Dristan wirkte mehr als nur ein wenig nachdenklich. Er blieb verunsichert stehen und wirkte immer noch so, als würde er jeden Moment davonlaufen wollen.

Michel fuhr fort: »Zieh dich nicht an wie ein Dandy aus der Unterschicht. Dadurch fällst du auf, und du willst nur selten auffallen. Trage eine kurze Hose und ein Hemd in einer hellen Farbe. Vielleicht eine Schiebermütze. Du kannst nie damit falschliegen, dich wie ein einfacher Arbeiter zu kleiden.« Michel wedelte mit dem Finger in die Richtung von Dristans Kopf. »Dieses Gesicht, das du machst: dieser zögerliche, nervöse Ausdruck. Du solltest anfangen, daran zu arbeiten, das nicht zu machen. Das ist verdächtig. Also, sag mir, wie du heißt.«

»Habe ich doch schon gesagt, ich heiße Dristan.«

»Nein«, sagte Michel und schlug mit der Handfläche auf den Tisch. Dristan zuckte zusammen. »Sag mir, wie du heißt.«

»Ich heiße Dris…« Dristan hielt inne. »Ich heiße, äh, Plinnith.«

Er hat das schneller durchschaut als die meisten, denen ich das beibringe. »Plinnith? Was ist denn Plinnith für ein Name? Das ist ein dämlicher Name.«

Dristan starrte ihn an, so als würde er sich fragen, was genau er hören wollte, als seine Augen plötzlich aufblitzten. »Oh, Oh! Plinnith. Das ist brudanisch.«

»Kommst du aus Brudania?«, befragte ihn Michel weiter.

»Nein. Meine, äh, meine Mutter ist Brudanierin. Sie kommt aus einem Fischerdorf in Brudania.«

»Ach ja? Mein bester Freund kommt aus einem Fischerdorf in Brudania. Vielleicht kommen sie aus demselben Ort.«

»Ich weiß nicht mehr, wie der Ort hieß.«

»Oh, das ist wirklich schade. Was machst du hier in Landfall, Plinnith?«

»Mein Vater war ein Bauer, draußen bei Redstone. Er ist letzten Herbst gestorben, also hat mich meine Mutter in die Hauptstadt geschickt, um Arbeit zu finden.«

Michel stellte dem Jungen fast fünf Minuten lang Frage um Frage, einschließlich Details, für die normale Leute sich niemals interessieren würden, bevor er es endlich gut sein ließ. Er beendete das Spielchen und zapfte sich noch ein Bier. »Gar nicht so schlecht«, sagte er.

Der Junge strahlte ihn an.

»Auch gar nicht so gut«, fuhr Michel fort. »Ich habe kein verdammtes Wort davon geglaubt.«

»Aber du weißt schon, dass ich kein Bauernsohn namens Plinnith bin«, protestierte Dristan.

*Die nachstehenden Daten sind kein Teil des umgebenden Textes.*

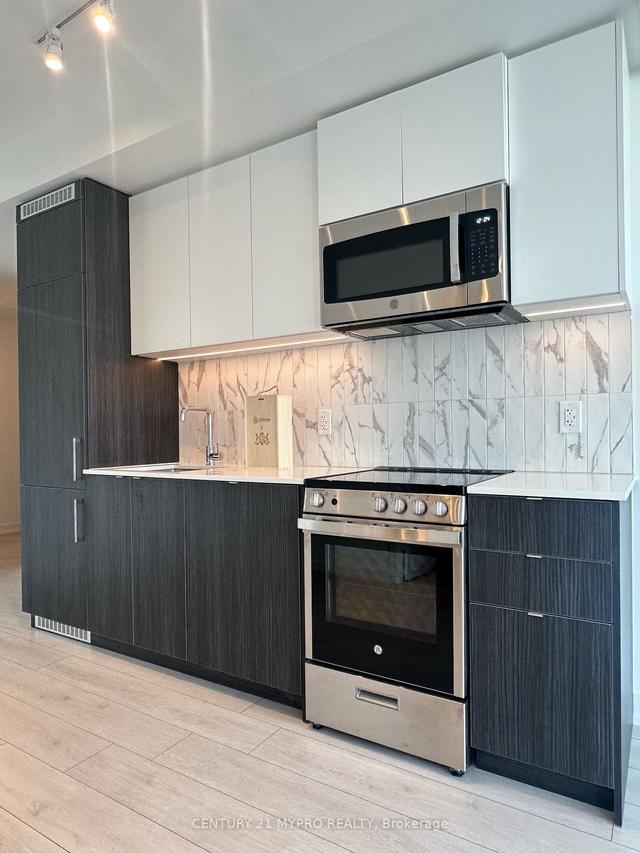 607 - 500 Dupont St, Condo with 2 bedrooms, 2 bathrooms and 0 parking in Toronto ON | Image 2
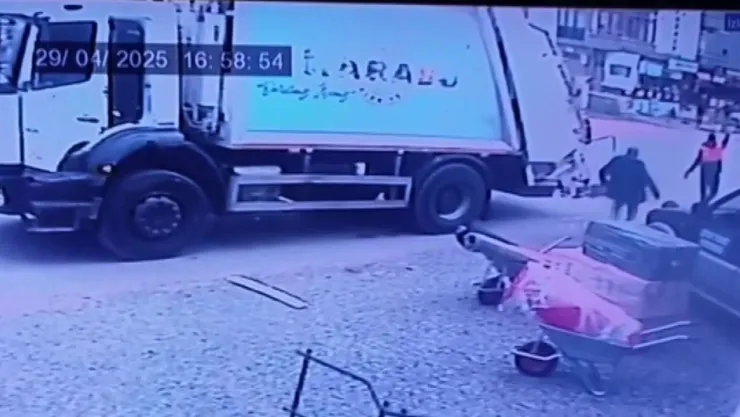 Karasu Belediyesi'ne ait çöp kamyonu 70 yaşındaki adamı ezdi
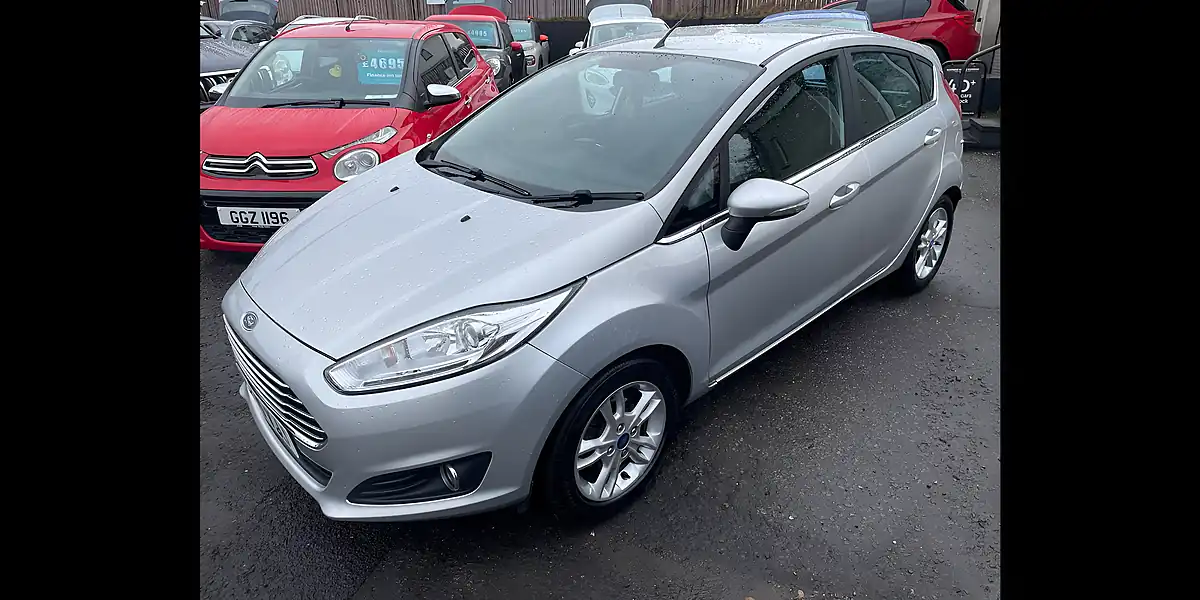 Used 2016 Ford Fiesta Zetec Silver - Interior and Exterior details 7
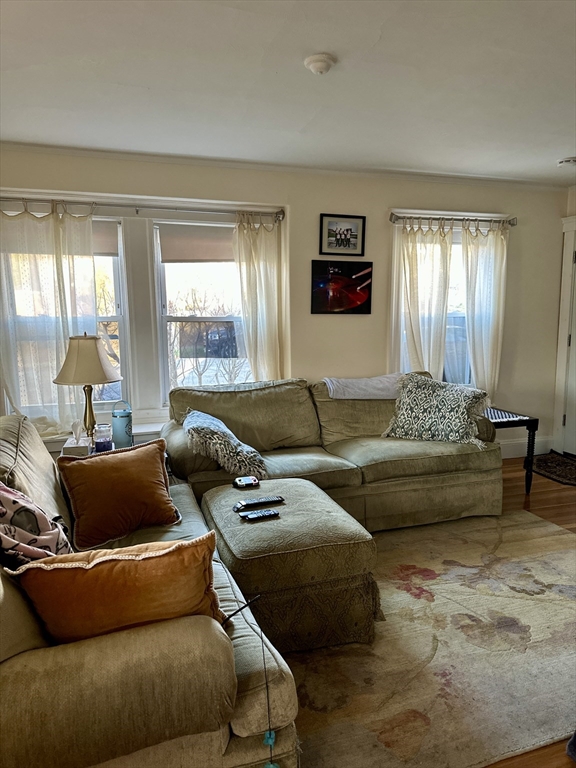 122 Warren St, Medford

»Tue ich das?« Michel zuckte mit den Schultern. »Du hast keine Ahnung, was ich weiß. Es ist deine Aufgabe, mich davon zu überzeugen, dass du der bist, der du behauptest zu sein.« Er schwenkte das Bier im Glas herum und wünschte sich zum tausendsten Mal, dass es einen besseren Weg gäbe, das hier zu tun. Ständig kamen Straßenkinder, die den Blackhats beitreten wollten. Die meisten von ihnen wurden einfache Schläger, die jeden aufmischten, der sich gegen die Kanzlerin aussprach. Die intelligenten wurden vielleicht politische Vermittler oder Bürohengste. Der Rest wurde Informant und spionierte eben die Bevölkerung aus, die von der Kanzlerin regiert wurde.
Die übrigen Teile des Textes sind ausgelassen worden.